Kim bilir hazırlık halindeki yeni anayasa
taslağında şu anda kayıt dışı olarak merdiven altında sağlıksız şartlarda üretilen
uyuşturucular da vergilendirilme kaydıyla ilaç şirketlerinin hijyenik ve steril
laboratuarlarında üretim izni verilir. Uyuşturucunun vergisi ödendiğinde
birilerini vergi rekortmeni olarak kutsanmasına da sebep olabilir. (Kayıt
altında fuhuş ve uyuşturucu satımı AB üyesi Hollanda’nın belirlenmiş
bölgelerinde serbestçe yapılıyor.)
Peki,
bu vermek ve kutsanmak bize neyi çağrıştırıyor ki bu kadar çabuk kandırılıyoruz.
Tabi ki zekât vererek kazancı temizlemeyi çağrıştırıyor. Ama İslam’da zekât
vermenin öncesinde haramlardan uzak durmanın ve helal kazanmanın önemi
vurgulanır. Haram kazanç, zekâtı verilerek asla helal olmaz. İslam devleti
zekâtı toplar ve dağıtır. Ama devletin asli görevi helali yaygınlaştırmak ve
haram olanı uygulanamaz hale getirmektir.
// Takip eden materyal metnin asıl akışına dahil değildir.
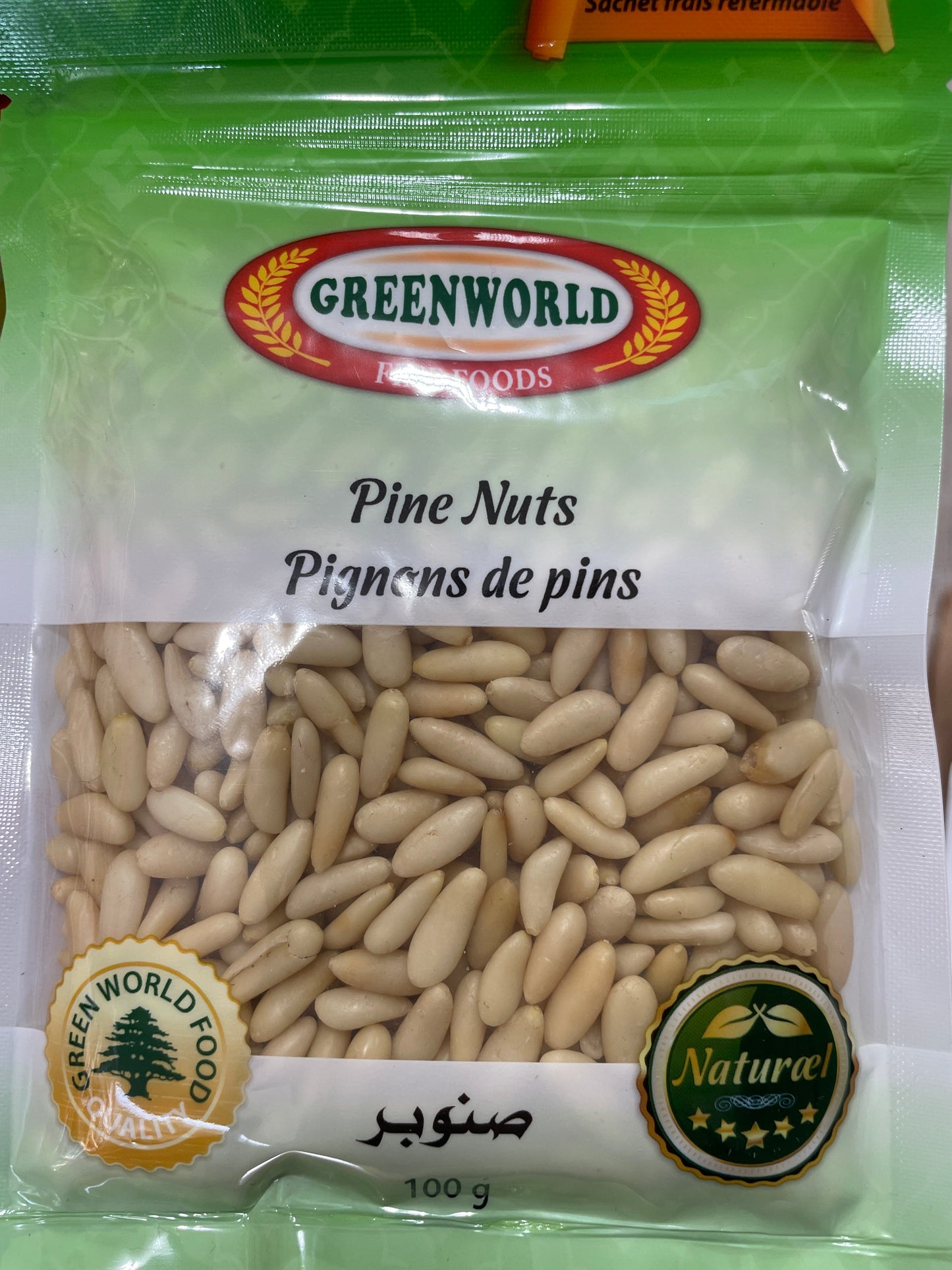 Greenworld Pine Nuts 100g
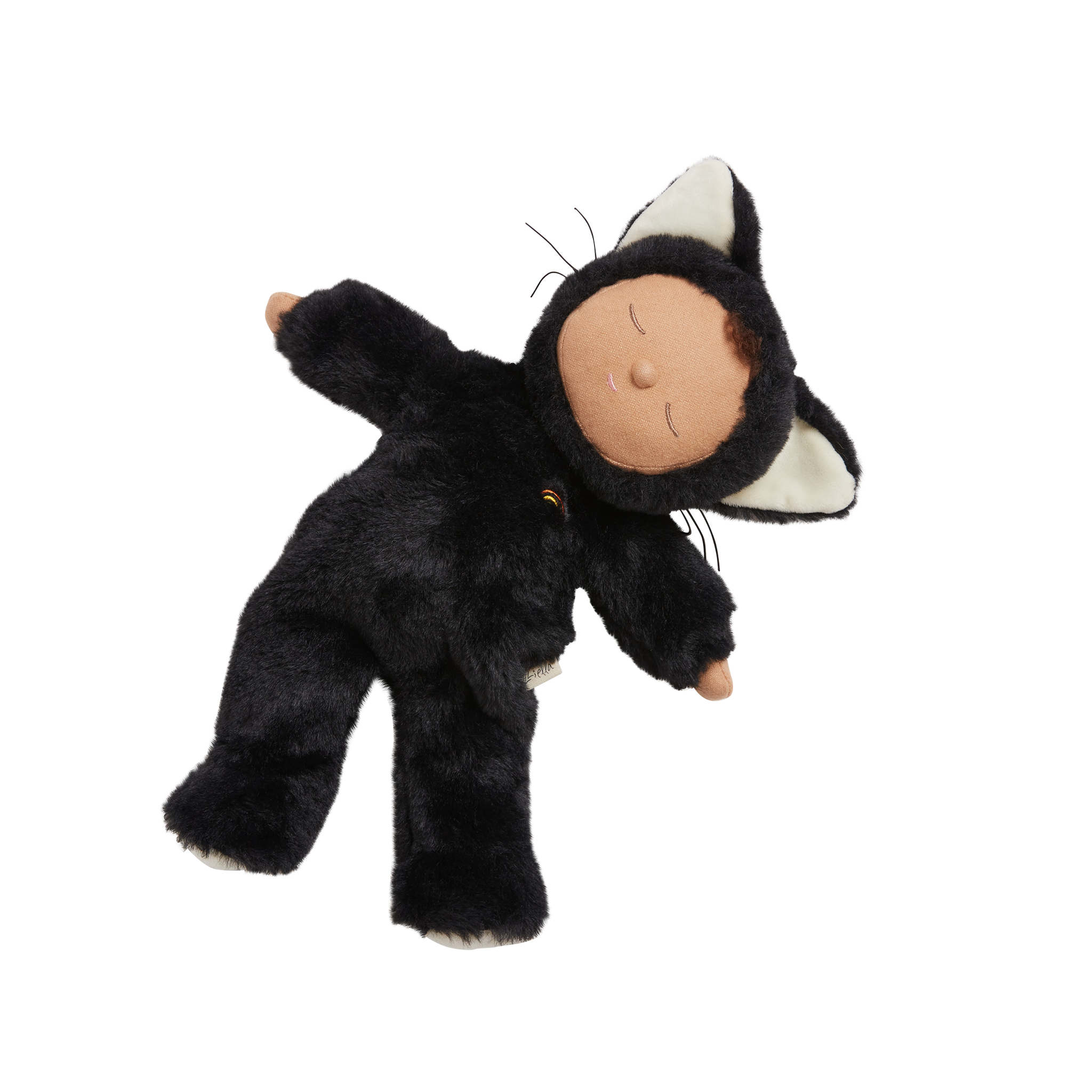 Olli Ella Cozy Dinkum Doll – Black Cat Nox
Bugün TC.’nin kötü birer kopyası
olan cemaatlerin açtığı işadamları derneklerinde, bu prenslerin nereden
kazandıklarıyla değil ne kadar verdikleriyle ilgilidirler. Zira Tvler, okullar,
kurslar, binalar, öğrenci bursları, şubeler, yurtdışında nüfuz alanını
geliştirme çabaları ve her türlü aktivitede diğer cemaatlerle yarışır halde
sürmesi için çok para gerekmektedir.
Cemaatler, Finans kaynaklarını(!)
arttırmak için devlet benzeri üç yol izlerler;
1. İnfak
ayetleri ile çokça vermeyi teşvik edip nereden kazandığını sorgulamamak.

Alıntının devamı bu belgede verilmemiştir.